Zwangsräumung Lausitzer Str. 8 durchgesetzt

Ei auf`m Kopf. Das ist noch die netteste Formulierung die mir für Herrn Franell einfällt. Die Franell Consulting GmbH ist Eigentümerin des Hauses Lausitzer Str. 8. Herr Franell hat heute die Familie Gülbol aus ihrer Wohnung zwangsräumen lassen. Nachdem ein erster Versuch der Zwangsräumung scheiterte, war er nunmehr erfolgreich. Leider.

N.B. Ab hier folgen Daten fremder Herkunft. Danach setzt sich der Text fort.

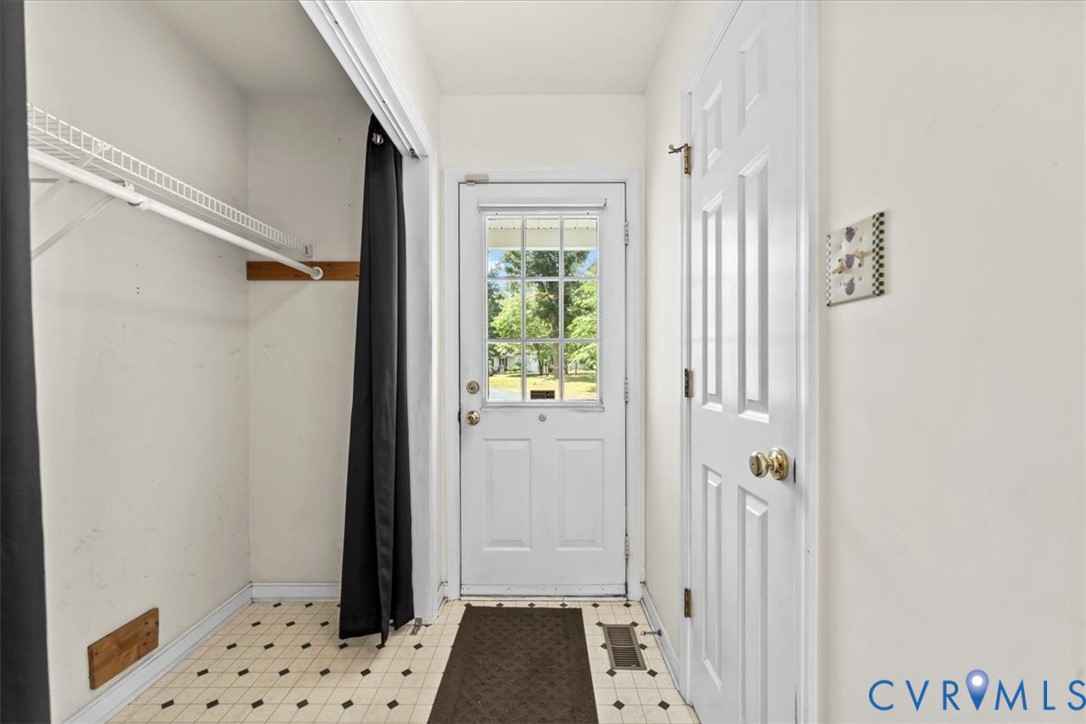 2924 Warfield Ridge Ter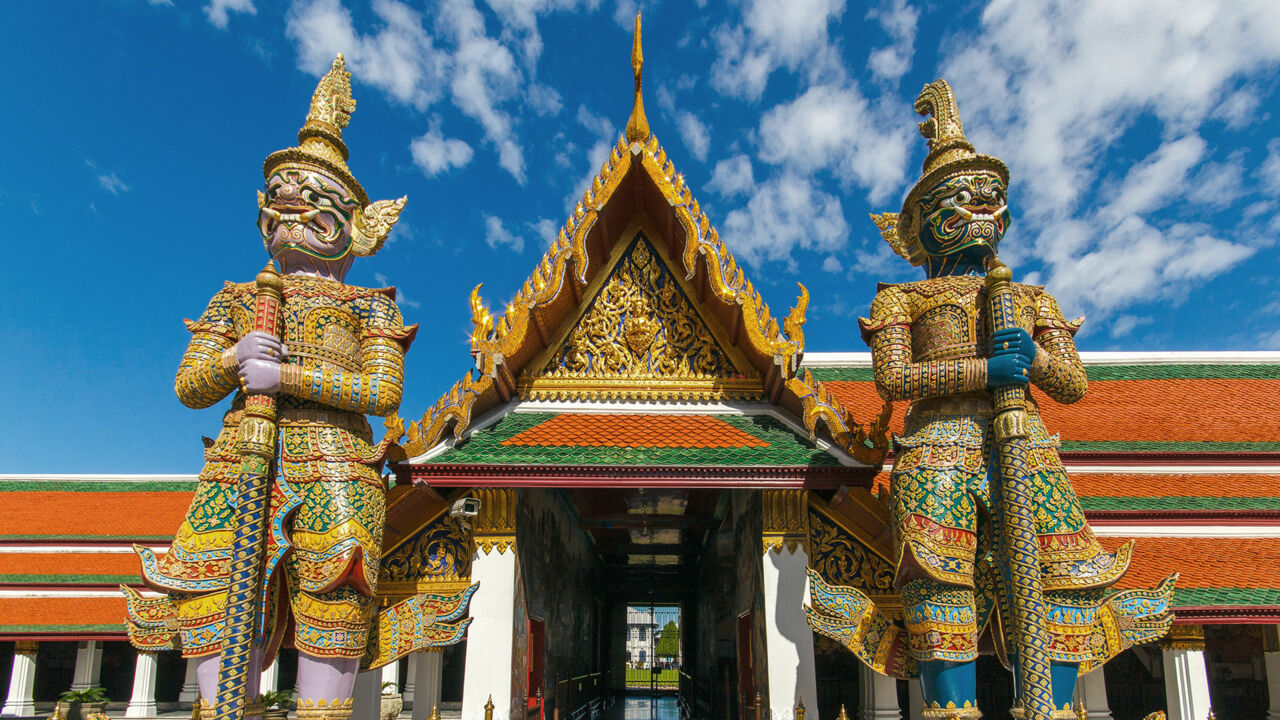 Statuen bewachen den Eingang zum Wat Phra Kaew Tempel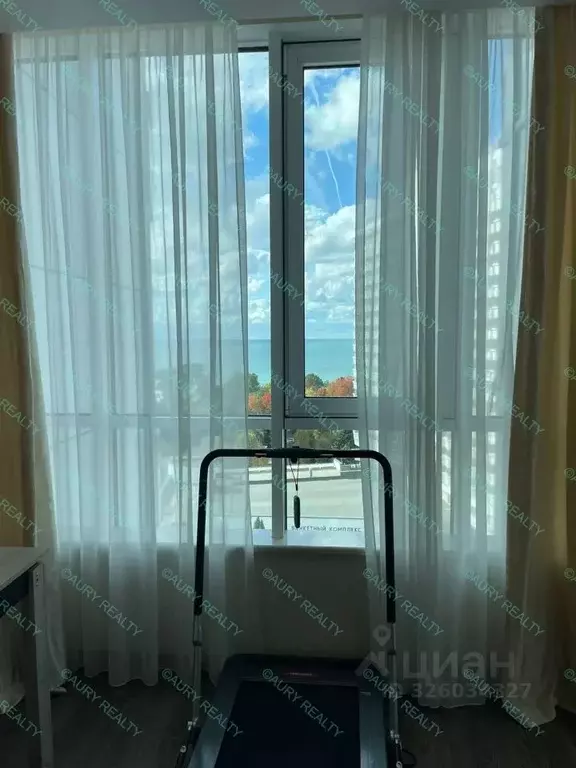 3-к кв. Краснодарский край, Сочи Светлана мкр, ул. Гагринская, 10 ... - Фото 2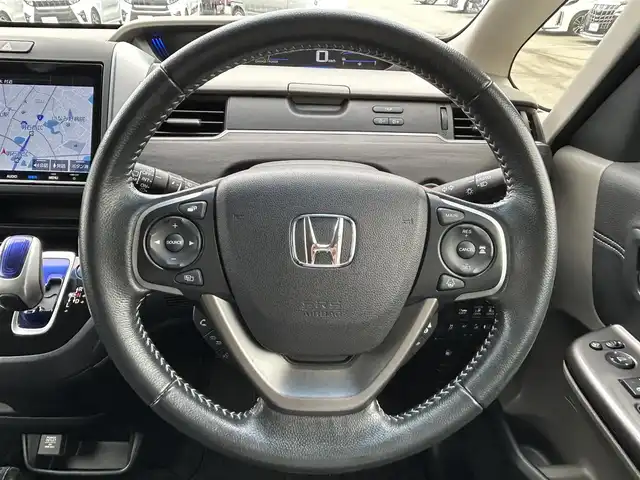 ホンダ フリード ハイブリット EX 兵庫県 2018(平30)年 5.2万km ホワイトオーキッドパール 純正9インチナビ/両側パワースライドドア/Bluetooth接続/フルセグTV/バックカメラ/追従有クルーズコントロール/ドライブレコーダー/純正フロアマット/純正アルミホイール/LEDヘッドライト/前席シートヒーター/スペアキー/スイッチスタート/ビルトインETC/ウォークスルー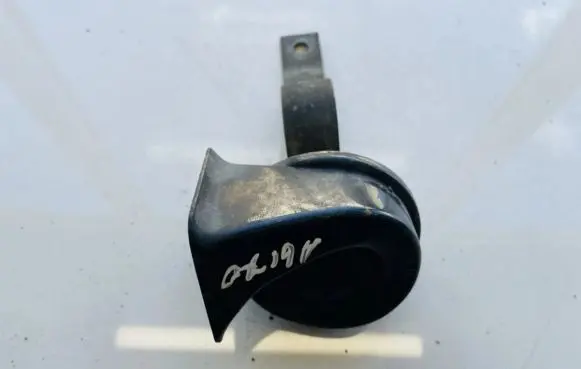 Nissan Almera Tino Horn signal e9703881157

Hat dieser Mann überhaupt ein Herz? Ich bin geneigt zu fragen: Was soll der Scheiß? Ja, die Familie hat einen Prozess um Mieterhöhungen verloren. Ja, die Familie hat eine Frist verpasst. Aber die Familie hat die ausstehende Mieterhöhung längst beglichen. Dennoch eine fristlose Kündigung, dennoch die Durchsetzung der Zwangsräumung mit allen Mitteln. Die Familie Gülbol hat nach eigenen Angaben die Wohnung für 20.000 Euro saniert und mit dem vorherigen Eigentümer vereinbart, dass die Miete nicht erhöht wird. Nach Presseberichten soll in der nächsten Woche der BGH über die Revision entscheiden, die gegen die Kündigung eingelegt wurde. Trotz allem Zwangsräumung. Das ist einfach nur Panne.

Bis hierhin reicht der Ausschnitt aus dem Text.